Date - Sunrise - Sunset
9th - 08:28 - 16:07
10th - 08:29 - 16:06
11th - 08:30 - 16:06
12th - 08:31 - 16:06
13th - 08:32 - 16:06
14th - 08:33 - 16:06
15th - 08:34 - 16:06

Assuming that's correct, what is the reason for the unbalanced shortening?

I've been celebrating the 10th as my personal winter solstice for some years. I don't get up early enough to care about the time of sunrise, so the 10th is when my days start getting longer as far as I'm concerned.

But, as with your table above, I only know the time of sunset to a resolution of one minute. Does anyone have a link to a table with second resolution, so we can figure out which day is really the earliest sunset?

I also have a question about the solstice sunrise, even though I'll never be up to see it. The entrance passage at Newgrange is supposed to let in the light of sunrise on the solstice. That means the roof box is oriented towards the most southerly azimuth of sunrise -- the point on the horizon at which "the sun stands still" (from which we get the word solstice). After the solstice the azimuth of sunrise starts travelling north again.

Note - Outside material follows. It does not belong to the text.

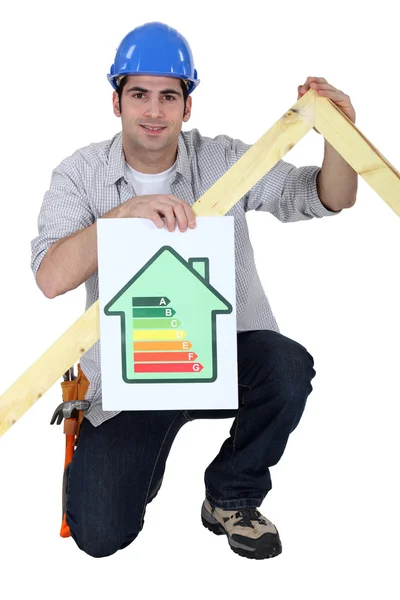 Carpenter kneeling with energy efficiency banner — Stock Photo, Image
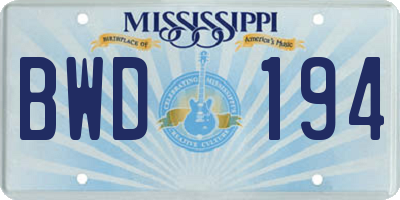 MS license plate BWD194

Now, if the date of latest sunrise is not actually the conventional solstice, does that mean the sun keeps travelling south so that it is spotted from Newgrange and then once again a few days later on its way back? I'm pretty sure it doesn't mean that, and the solstice is the most southerly azimuth of sunrise regardless of the equation of time, but can anyone explain why?

Zubeneschamali wrote: »

Solstice isn't the date of latest sunrise, it's the date the sunrise is at it's extreme Northerly or Southerly point. This movement is caused by the tilt of the Earths axis.

There is another effect which changes sunrise and sunset: the elliptical shape of the Earth's orbit. The Earth continues to get closer to the Sun until January 3rd or so, so even as the Sun starts to move North at sunrise, it doesn't really start to rise earlier until we pass aphelion.

If I was to be picky I would say it's not the elliptical shape of the earth's orbit per se, but the fact that the inverse square law of gravity moves us along that ellipse with a particular acceleration. If Kepler's second law said that the radii to the planets sweep out equal angles in equal time intervals, instead of equal areas, then solar time would be the same as mean time.

Here's an article on why getting sunrise/sunset down to second resolution may not be practical:

http://mintaka.sdsu.edu/GF/explain/sunset_time.html

coylemj wrote: »

You are being picky, Kepler's Law applies whether the orbit is circular or elliptical.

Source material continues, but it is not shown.